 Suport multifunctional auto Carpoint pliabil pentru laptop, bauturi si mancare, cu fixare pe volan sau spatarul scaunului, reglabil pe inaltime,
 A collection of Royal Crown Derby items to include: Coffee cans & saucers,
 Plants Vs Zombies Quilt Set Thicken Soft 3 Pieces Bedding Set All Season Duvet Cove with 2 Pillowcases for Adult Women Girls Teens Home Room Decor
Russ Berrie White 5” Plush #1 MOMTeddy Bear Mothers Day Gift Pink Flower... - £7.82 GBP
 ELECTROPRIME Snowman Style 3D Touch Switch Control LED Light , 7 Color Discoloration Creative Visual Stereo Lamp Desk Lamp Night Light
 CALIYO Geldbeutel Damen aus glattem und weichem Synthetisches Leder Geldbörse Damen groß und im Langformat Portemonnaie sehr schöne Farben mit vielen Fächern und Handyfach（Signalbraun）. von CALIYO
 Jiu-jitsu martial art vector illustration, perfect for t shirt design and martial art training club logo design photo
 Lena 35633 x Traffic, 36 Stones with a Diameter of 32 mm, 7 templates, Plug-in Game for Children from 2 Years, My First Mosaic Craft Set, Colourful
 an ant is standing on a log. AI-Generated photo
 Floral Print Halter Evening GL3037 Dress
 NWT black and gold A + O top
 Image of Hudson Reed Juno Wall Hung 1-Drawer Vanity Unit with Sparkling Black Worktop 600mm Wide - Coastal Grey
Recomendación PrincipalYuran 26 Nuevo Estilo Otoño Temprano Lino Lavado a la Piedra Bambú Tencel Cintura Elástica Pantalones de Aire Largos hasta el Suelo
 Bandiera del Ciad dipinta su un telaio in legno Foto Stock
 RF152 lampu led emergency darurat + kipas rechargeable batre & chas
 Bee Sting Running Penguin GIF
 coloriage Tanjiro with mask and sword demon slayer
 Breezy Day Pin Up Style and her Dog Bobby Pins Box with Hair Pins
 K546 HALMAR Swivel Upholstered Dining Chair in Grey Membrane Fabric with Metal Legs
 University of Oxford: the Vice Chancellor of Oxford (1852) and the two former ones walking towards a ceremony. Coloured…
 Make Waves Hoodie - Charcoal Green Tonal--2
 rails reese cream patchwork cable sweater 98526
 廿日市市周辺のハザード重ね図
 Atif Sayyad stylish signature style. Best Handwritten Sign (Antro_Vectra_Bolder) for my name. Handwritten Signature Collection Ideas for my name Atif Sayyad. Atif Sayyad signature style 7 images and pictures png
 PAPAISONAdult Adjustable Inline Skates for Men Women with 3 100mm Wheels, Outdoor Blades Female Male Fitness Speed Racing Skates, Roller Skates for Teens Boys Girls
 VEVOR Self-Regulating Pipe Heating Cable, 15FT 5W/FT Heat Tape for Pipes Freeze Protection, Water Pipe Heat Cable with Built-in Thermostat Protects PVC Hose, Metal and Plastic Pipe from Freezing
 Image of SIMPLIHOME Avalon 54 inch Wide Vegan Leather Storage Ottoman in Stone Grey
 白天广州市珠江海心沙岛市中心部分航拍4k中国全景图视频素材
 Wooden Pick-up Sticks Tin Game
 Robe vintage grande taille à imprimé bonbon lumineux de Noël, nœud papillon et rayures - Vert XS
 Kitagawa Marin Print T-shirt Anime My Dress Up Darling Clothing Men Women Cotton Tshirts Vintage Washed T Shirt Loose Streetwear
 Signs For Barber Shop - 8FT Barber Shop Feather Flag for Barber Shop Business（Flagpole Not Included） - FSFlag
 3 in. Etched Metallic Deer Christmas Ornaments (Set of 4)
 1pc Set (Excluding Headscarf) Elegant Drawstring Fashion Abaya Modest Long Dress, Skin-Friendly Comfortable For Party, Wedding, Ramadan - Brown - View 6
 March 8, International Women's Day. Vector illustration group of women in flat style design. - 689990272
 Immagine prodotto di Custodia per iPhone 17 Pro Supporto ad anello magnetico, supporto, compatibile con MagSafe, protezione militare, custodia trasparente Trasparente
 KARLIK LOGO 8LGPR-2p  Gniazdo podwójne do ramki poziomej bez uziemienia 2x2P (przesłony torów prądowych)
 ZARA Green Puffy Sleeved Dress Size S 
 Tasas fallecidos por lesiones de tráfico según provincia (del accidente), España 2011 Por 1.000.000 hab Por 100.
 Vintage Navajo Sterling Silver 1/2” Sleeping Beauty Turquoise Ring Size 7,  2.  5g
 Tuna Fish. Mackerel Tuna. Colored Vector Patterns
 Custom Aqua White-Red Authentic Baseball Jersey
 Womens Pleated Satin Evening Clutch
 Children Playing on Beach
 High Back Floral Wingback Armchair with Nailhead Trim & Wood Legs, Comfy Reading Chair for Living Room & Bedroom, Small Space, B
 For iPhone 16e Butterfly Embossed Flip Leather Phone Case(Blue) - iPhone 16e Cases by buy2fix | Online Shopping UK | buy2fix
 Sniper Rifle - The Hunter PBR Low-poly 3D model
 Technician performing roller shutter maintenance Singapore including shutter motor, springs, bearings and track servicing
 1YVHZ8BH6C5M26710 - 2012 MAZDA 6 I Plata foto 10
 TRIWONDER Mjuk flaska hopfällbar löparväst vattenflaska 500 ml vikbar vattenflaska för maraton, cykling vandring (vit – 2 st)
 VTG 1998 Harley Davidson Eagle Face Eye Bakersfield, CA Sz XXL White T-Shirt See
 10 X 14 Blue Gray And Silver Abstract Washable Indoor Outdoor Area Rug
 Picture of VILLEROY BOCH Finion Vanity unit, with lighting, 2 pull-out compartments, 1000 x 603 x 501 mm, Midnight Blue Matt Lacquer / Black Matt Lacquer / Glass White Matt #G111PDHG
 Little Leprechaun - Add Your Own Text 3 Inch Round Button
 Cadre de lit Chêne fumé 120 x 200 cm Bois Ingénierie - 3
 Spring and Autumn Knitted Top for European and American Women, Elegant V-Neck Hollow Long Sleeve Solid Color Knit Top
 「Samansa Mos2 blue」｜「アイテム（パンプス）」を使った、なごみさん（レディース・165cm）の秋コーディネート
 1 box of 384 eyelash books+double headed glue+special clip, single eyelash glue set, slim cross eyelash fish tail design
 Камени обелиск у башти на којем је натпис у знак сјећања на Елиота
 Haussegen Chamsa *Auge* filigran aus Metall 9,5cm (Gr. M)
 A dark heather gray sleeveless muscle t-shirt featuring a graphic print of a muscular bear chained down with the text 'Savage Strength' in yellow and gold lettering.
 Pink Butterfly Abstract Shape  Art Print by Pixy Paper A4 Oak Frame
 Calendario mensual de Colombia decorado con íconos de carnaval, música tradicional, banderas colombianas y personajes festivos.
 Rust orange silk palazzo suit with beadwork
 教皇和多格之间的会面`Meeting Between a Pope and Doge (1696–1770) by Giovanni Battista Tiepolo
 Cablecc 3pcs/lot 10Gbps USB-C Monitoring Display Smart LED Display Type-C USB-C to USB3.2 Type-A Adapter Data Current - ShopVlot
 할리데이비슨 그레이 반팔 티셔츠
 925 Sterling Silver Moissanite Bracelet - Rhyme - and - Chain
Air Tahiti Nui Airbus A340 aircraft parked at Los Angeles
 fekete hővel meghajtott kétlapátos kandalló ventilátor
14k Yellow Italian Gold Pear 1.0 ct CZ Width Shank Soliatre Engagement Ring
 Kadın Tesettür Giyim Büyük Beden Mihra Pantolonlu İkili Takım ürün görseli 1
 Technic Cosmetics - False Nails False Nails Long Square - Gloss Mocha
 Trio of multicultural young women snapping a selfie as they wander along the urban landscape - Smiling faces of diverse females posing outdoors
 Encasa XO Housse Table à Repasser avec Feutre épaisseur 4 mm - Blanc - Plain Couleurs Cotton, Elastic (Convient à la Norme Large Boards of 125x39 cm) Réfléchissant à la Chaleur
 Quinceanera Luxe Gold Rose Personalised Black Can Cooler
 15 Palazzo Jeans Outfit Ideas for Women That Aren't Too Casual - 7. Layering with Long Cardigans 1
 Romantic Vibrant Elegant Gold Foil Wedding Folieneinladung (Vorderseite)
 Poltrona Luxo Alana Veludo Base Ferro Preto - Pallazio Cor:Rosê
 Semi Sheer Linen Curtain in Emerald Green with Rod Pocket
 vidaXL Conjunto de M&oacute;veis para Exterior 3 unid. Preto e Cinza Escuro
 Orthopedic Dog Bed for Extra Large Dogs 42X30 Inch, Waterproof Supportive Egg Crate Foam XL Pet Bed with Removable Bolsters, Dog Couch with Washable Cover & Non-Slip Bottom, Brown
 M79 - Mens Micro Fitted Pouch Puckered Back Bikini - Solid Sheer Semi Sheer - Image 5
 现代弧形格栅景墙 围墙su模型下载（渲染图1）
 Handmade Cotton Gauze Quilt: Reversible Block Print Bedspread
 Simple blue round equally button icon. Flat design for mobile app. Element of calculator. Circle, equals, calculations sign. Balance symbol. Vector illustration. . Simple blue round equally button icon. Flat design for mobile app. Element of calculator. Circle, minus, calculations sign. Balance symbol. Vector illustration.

━━━━━━

▶ **Required work**
Restate the records above verbatim up to and including the line containing "CALIYO Geldbeutel Damen".

▶ **Response**
 Suport multifunctional auto Carpoint pliabil pentru laptop, bauturi si mancare, cu fixare pe volan sau spatarul scaunului, reglabil pe inaltime,
 A collection of Royal Crown Derby items to include: Coffee cans & saucers,
 Plants Vs Zombies Quilt Set Thicken Soft 3 Pieces Bedding Set All Season Duvet Cove with 2 Pillowcases for Adult Women Girls Teens Home Room Decor
Russ Berrie White 5” Plush #1 MOMTeddy Bear Mothers Day Gift Pink Flower... - £7.82 GBP
 ELECTROPRIME Snowman Style 3D Touch Switch Control LED Light , 7 Color Discoloration Creative Visual Stereo Lamp Desk Lamp Night Light
 CALIYO Geldbeutel Damen aus glattem und weichem Synthetisches Leder Geldbörse Damen groß und im Langformat Portemonnaie sehr schöne Farben mit vielen Fächern und Handyfach（Signalbraun）. von CALIYO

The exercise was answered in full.